So what is it, exactly, that is forbidden? If it is so serious that Jesus threatens judgment from God, every person who loves the Lord and fears the Lord should be eager to know exactly what Jesus is prohibiting here. We know we are to use doctrinal discernment, we know we are to call a spade a spade when it comes to rebuking people for sin – so what is it that we are not allowed to do? What is the bad kind of judging?

The most obvious answer is that it is when you judge hypocritically. In verses 3-5 He talks about looking at a speck in your neighbor’s eye while you have a log in your own eye. So that is one kind of bad judging, but I am going to hold off on talking about that until we get to verse 3. For now I think it would be good to remind ourselves of the various other kinds of judging that Scripture forbids. The worst hypocrites in Scripture are the Pharisees, so they are really the best example of what not to do. Jesus was continually rebuking the Pharisees for rendering wrong judgments. So let’s take a few moments to learn from Jesus’ words to the Pharisees about the various wrong kinds of judging.

1) Judging legalistically

Enforcing traditions

When I look at the hypocrites in the Gospels, the first thing I see is that they judged legalistically. When they judged people they had their own human traditions mixed together with the law of God (much like the Roman Catholic Church does today with their church tradition). And each time you see the Pharisees making wrong judgments, it was usually because someone was breaking their own traditions. In Matthew 12 they passed judgment on Jesus and the Disciples for violating their traditions and Jesus says, “If you would read the Law you would not have condemned the innocent” (Mt.12:7). Mark this: Nobody is ever required to do anything that God does not require in His Word. And when we add requirements to God’s Word and then look down on people for not meeting them, we are guilty of legalism. Whenever people develop a legalistic system they always set themselves up on the throne of that system and pass judgment on everyone else according to their own self-styled rules.

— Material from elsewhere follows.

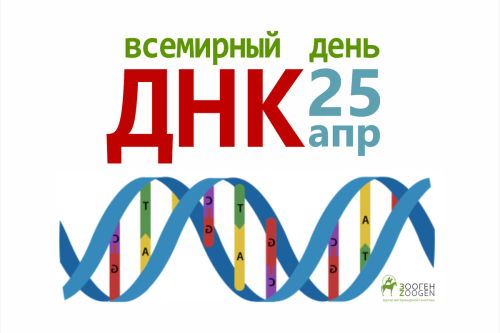 Картинки с Международным Днем ДНК (13 открыток). Картинки с надписями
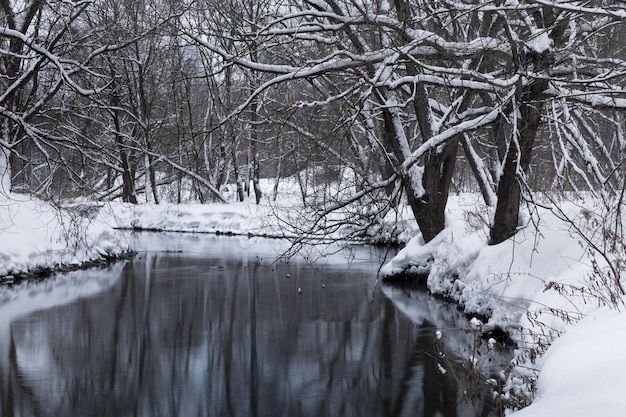 Een kleine stille rivier stroomt door een winterbos dat volledig bedekt is met sneeuw Rusland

Those of us who have grown up in church have a certain list of things that we have always been told are bad, so even though none of those things are mentioned in the Bible, if we see someone doing them we look down on that person as kind of a second-class Christian. If you look down on someone because you see them smoking a cigarette or drinking a beer or with a tattoo or wearing leather and chains or with a hair style that rubs you the wrong way, that is legalism.

Enforcing judgment calls

Now I am guessing most of you were just fine with that principle until I gave those specific examples. As soon as I start giving examples we realize that this is not a simple issue, because there are problems connected with every one of those things in the example. There are a lot of ways you can sin by smoking a cigarette or drinking a beer or getting a tattoo or even by wearing leather. If you do that as an expression of rebellion, or because you want to identify with a godless culture, or it is a controlling, enslaving habit, or poor stewardship, or jeopardizes a weaker brother or a host of other things – those things become sin.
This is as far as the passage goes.